• **Exercise prompt**: Exactly the lines from the one containing "041-Interpretive_Sign_in_visitor_center-Rock_Layers_Revealed" through the end of the data, and nothing more, should be retyped; pictures stay out.
•••••
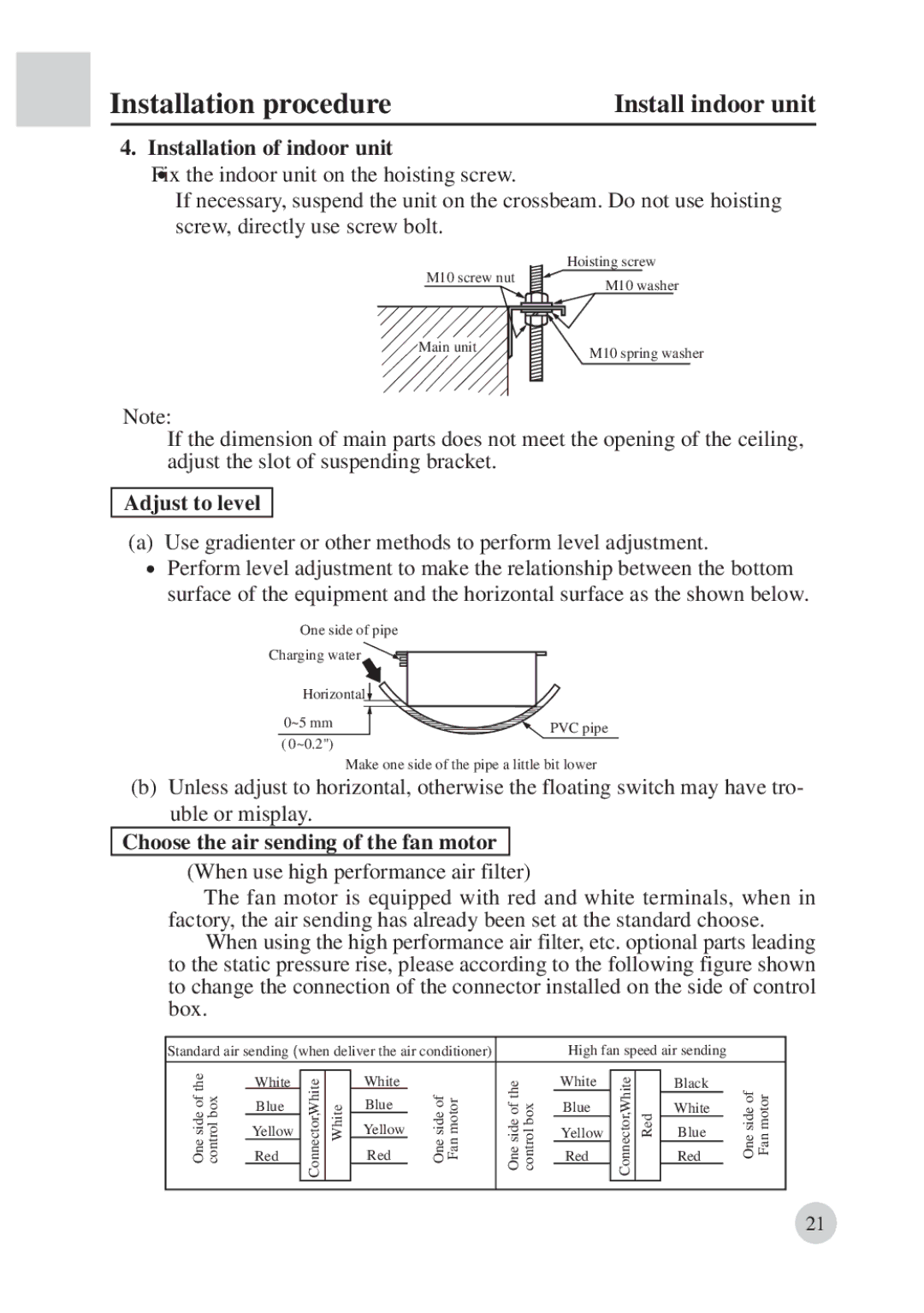 Haier AD422BMBAA manual Installation of indoor unit, Adjust to level, Choose the air sending of the fan motor 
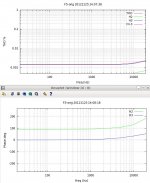 F5-thd-phase.jpg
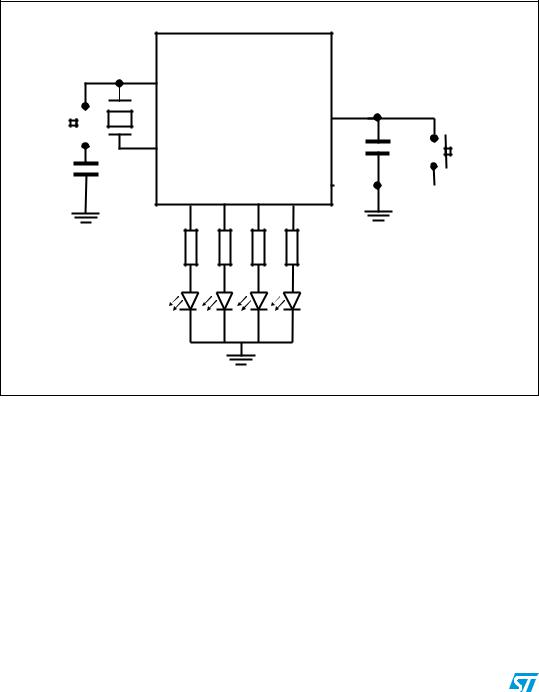 ST AN3265 Application note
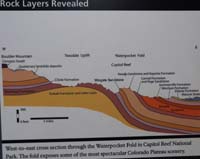 041-Interpretive_Sign_in_visitor_center-Rock_Layers_Revealed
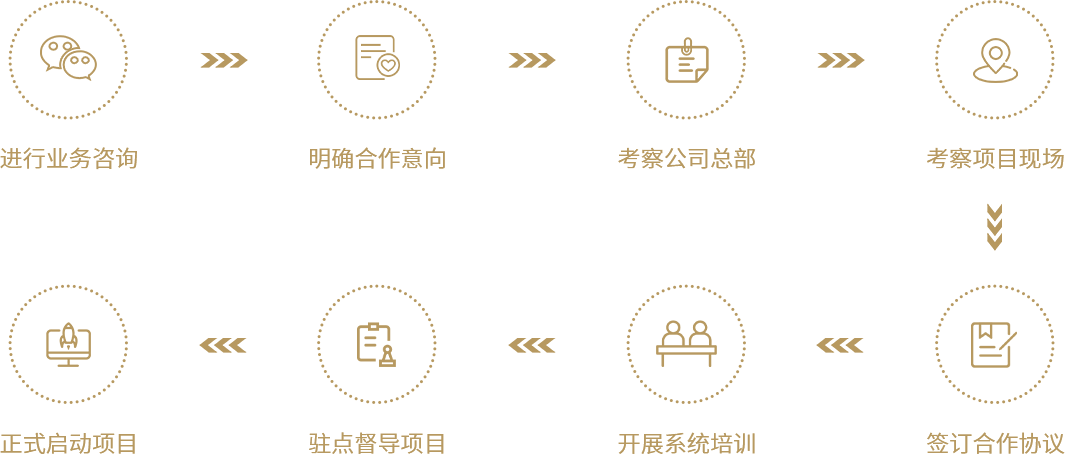 世俱杯官网合作流程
•••••
• **Solution for this problem**:
 041-Interpretive_Sign_in_visitor_center-Rock_Layers_Revealed
 世俱杯官网合作流程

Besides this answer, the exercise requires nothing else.